**Work order**
An exact copy of the listing below is needed, with no pictures in it.

**Dataset section**
>>>
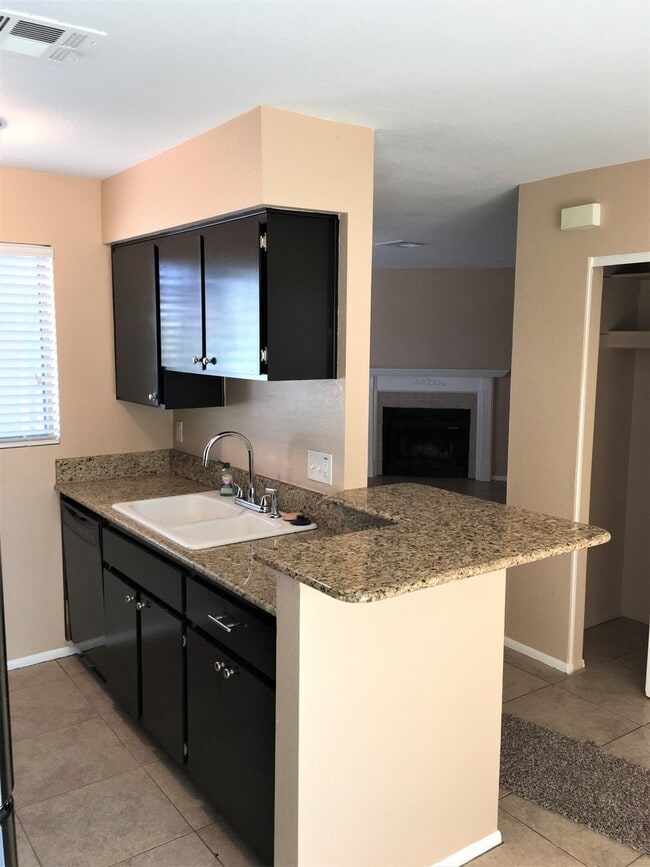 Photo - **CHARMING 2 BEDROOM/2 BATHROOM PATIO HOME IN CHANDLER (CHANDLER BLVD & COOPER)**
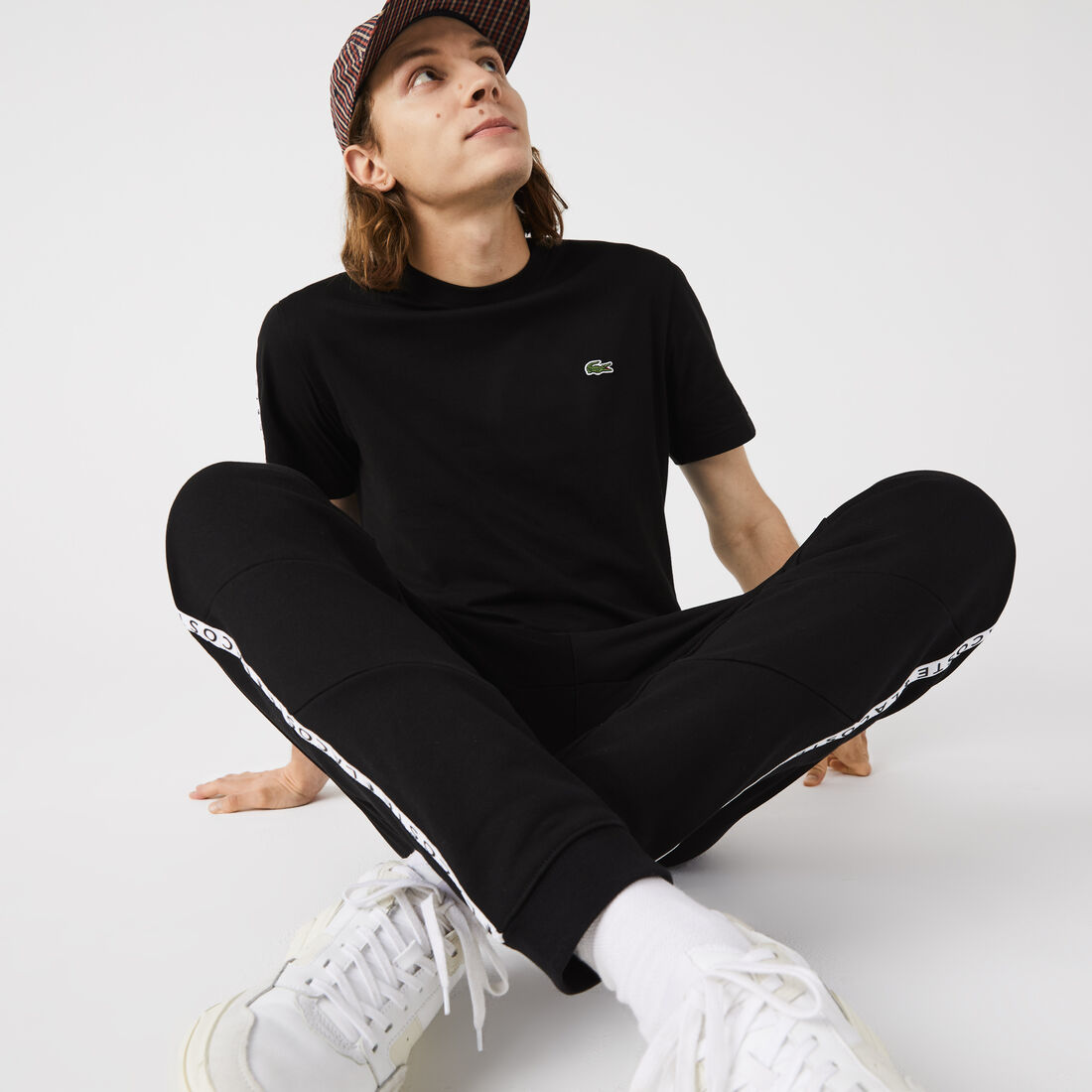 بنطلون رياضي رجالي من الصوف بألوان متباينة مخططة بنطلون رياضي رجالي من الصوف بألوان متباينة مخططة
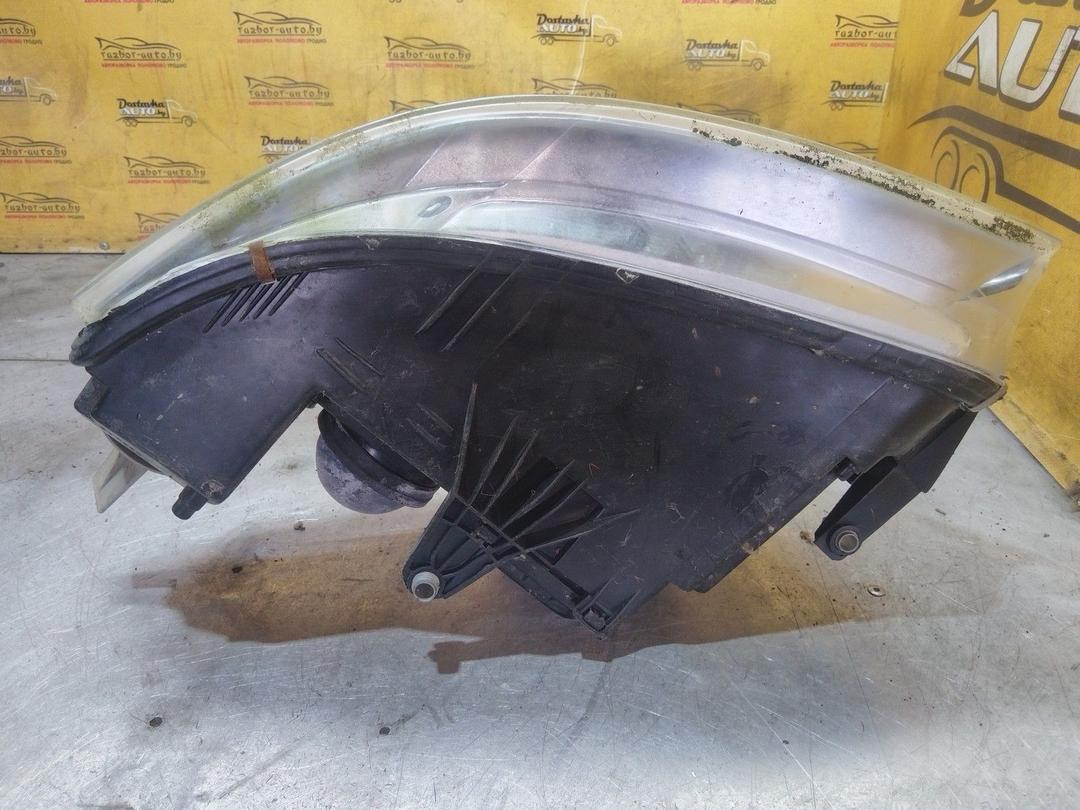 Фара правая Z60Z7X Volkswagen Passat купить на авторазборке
<<<
**Result of the task**
 Photo - **CHARMING 2 BEDROOM/2 BATHROOM PATIO HOME IN CHANDLER (CHANDLER BLVD & COOPER)**
 بنطلون رياضي رجالي من الصوف بألوان متباينة مخططة بنطلون رياضي رجالي من الصوف بألوان متباينة مخططة
 Фара правая Z60Z7X Volkswagen Passat купить на авторазборке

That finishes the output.